I've been meaning to pimp three non-fiction books, some of which I've already mentioned.
1. Secret Historian is a biography of Samuel Steward, who had a very fascinating life:
The novelist and professor at a Roman Catholic university who was born in 1909 into an austere and puritanical Methodist household in Ohio was Samuel M. Steward. But as the author of gay pulp fiction, he went by Phil Andros and a half-dozen other pseudonyms; Hells Angels in Oakland, Calif., who used him as their official tattoo artist, called him Doc Sparrow; readers of his articles in underground newspapers and magazines knew him as Ward Stames. To a close circle of artistic friends like Wilder, Cadmus, Gertrude Stein, Alice B. Toklas, Christopher Isherwood, the photographer George Platt Lynes and others, he was simply Sammy.

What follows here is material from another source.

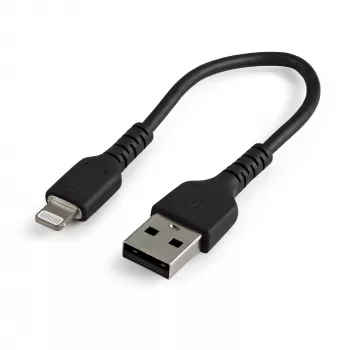 StarTech.com cable USB-A a Lightning negro resistente de 15 cm – cable de carga/sincronización USB Type-A a Lightning de fibra de aramida robusto – certificado Apple MFi para iPad/iPhone 12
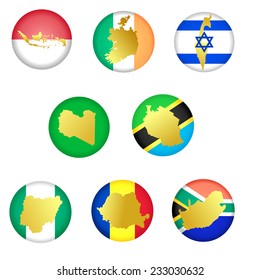 vector collection icons with countries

He kept detailed accounts of all of his gay sexual experiences in the pre-Stonewall era and was a major resources for Kinsey's research. Most of the book draws from his own letters and journals and he's a very witty and thoughtful writer creating a secret history of what was then a gay underground as a sexual outlaw.
2. Unbroken by Laura Hillenbrand - which probably doesn't need much pimping as it topped the NY Times Bestseller list. But if you know somebody that gobbles up histories and WWII stories, she's a fantastically vivid writer and Louie Zamperini's story is incredible.
3. The Lampshade by Marc Jacobson. What's interesting about the book - which concerns the author coming into possession of a lampshade made out of human skin that's found in New Orleans after Katrina - isn't so much the finding of the mythical Nazi horror object, but the weird underworld of Nazi memorabilia collectors, holocaust deniers, New Orleans grave robbers, DNA specialists and cantors he interviews as he tries to track down the origin of the thing. It's an oddly shaped and sort of shaggy book, but its compelling because it has a serious moral question at its core: how do you respond to real horror? When you face the fact of human evil and suffering, what is right action? Katrina, 911, the Holocaust and a sleezy underworld worthy of your favorite crime novelist.